Batch vs. Real Time Data Processing

Batch data processing is an efficient way of processing high volumes of data is where a group of transactions is collected over a period of time. Data is collected, entered, processed and then the batch results are produced (Hadoop is focused on batch data processing). Batch processing requires separate programs for input, process and output. An example is payroll and billing systems.

In contrast, real time data processing involves a continual input, process and output of data. Data must be processed in a small time period (or near real-time). Radar systems, customer services and bank ATMs are examples. Real-time streaming analytics has the potential to accelerate “time to insight” from the massive amounts of data originating from market data, sensors, mobile phones, the Internet of Things, Web clickstreams, and transactions. 

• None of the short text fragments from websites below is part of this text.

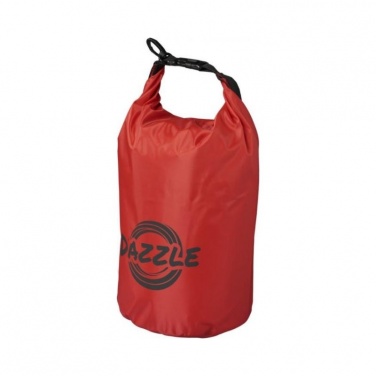 Логотрейд pекламные подарки картинка: Походный 10-литровый водонепроницаемый мешок, красный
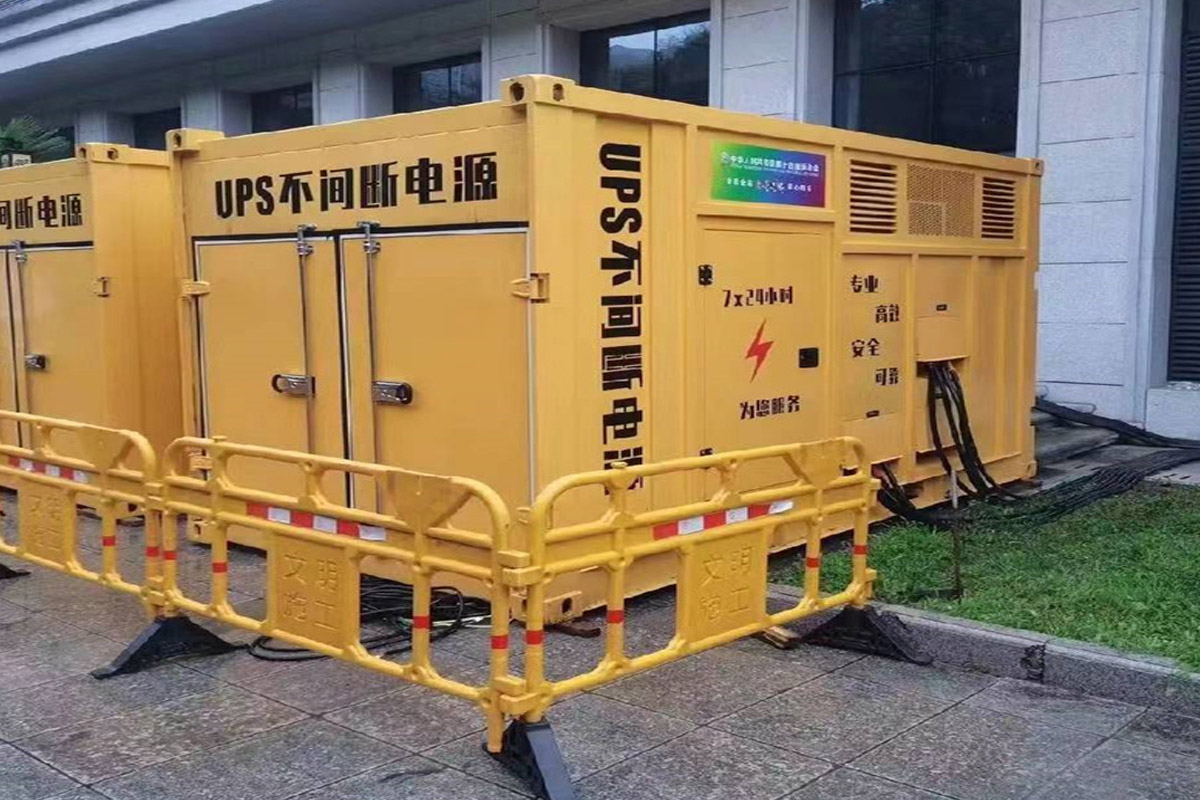 威远发电机租赁施工现场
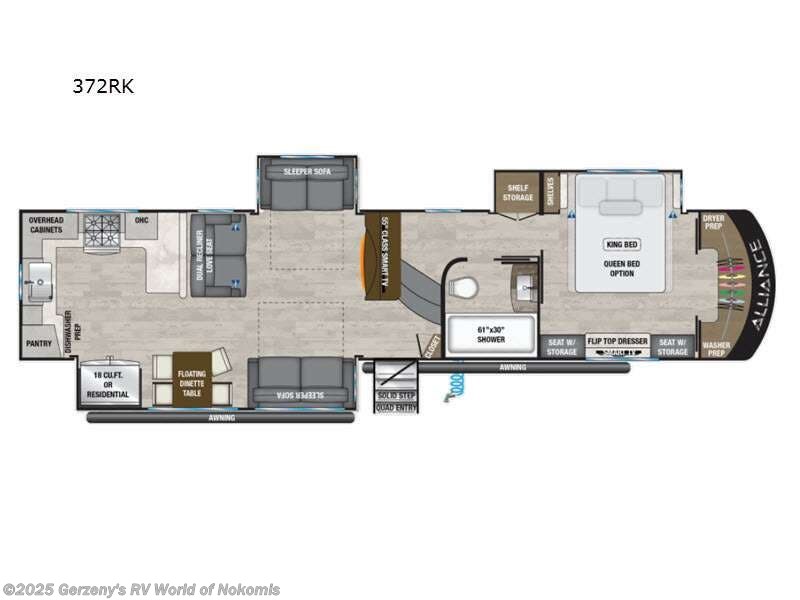 Call now about this 2022 Alliance RV Paradigm 372RK! 2022 Alliance RV Paradigm 372RK - Used Fifth Wheel For Sale by Gerzeny's RV World of Nokomis in Nokomis, Florida features Slideout
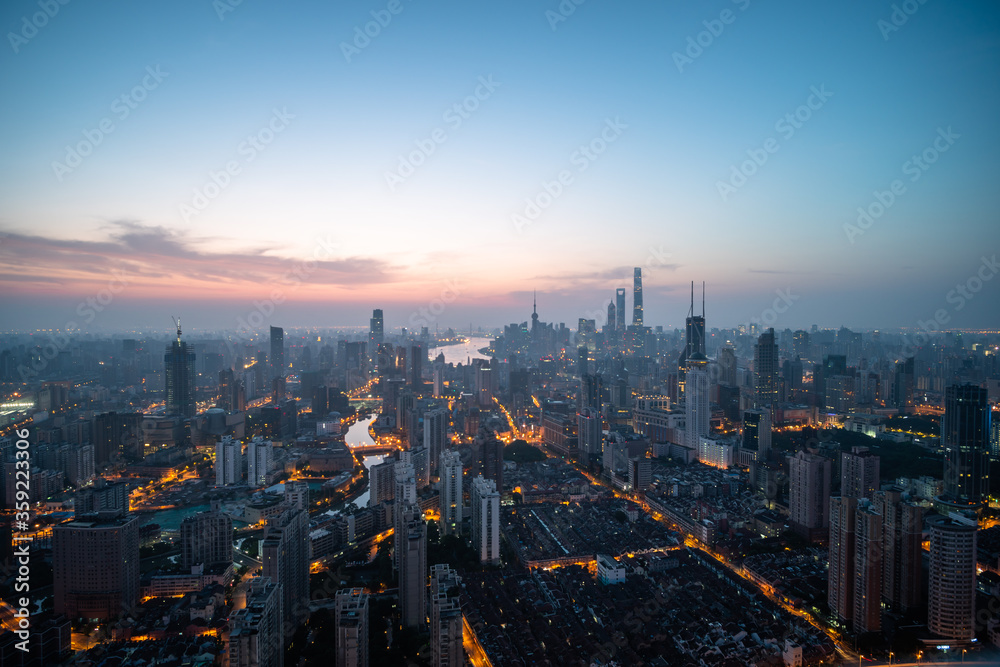 中国上海的城市天际线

While most organizations use batch data processing, sometimes an organization needs real time data processing. Real time data processing and analytics allows an organization the ability to take immediate action for those times when acting within seconds or minutes is significant. The goal is to obtain the insight required to act prudently at the right time - which increasingly means immediately (Forrester claims a 66 percent increase in firms’ use of streaming analytics according to a 2014 survey of 740 decision makers).

Complex event processing (CEP) combines data from multiple sources to detect patterns and attempt to identify either opportunities or threats. The goal is to identify significant events and respond fast. Sales leads, orders or customer service calls are examples.

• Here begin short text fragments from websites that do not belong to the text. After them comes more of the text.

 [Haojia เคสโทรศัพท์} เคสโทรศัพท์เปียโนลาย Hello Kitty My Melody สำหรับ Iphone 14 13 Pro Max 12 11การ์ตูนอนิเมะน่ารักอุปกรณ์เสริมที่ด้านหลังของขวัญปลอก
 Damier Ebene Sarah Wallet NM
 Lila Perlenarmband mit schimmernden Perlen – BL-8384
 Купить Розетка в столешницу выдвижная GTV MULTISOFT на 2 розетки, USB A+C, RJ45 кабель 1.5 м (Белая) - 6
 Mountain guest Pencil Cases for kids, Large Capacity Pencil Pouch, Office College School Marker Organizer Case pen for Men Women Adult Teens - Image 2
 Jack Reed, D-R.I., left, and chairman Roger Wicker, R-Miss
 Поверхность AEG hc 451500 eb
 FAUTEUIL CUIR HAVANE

Operational Intelligence (OI) uses real time data processing and CEP to gain insight into operations by running query analysis against live feeds and event data. OI is near real time analytics over operational data and provides visibility over many data sources. The goal is to obtain near real time insight using continuous analytics to allow the organization to take immediate action. Contrast this with operational business intelligence (BI) -  descriptive or historical analysis of operational data. OI real time analysis of operational data has much greater value.

For example, Rose Business Technologies designs and builds real time OI systems for clients to optimize customer service processes. The ROI is improved customer satisfaction and reduced churn. OI is used to detect and remedy problems immediately - often before the customer knows of the problem.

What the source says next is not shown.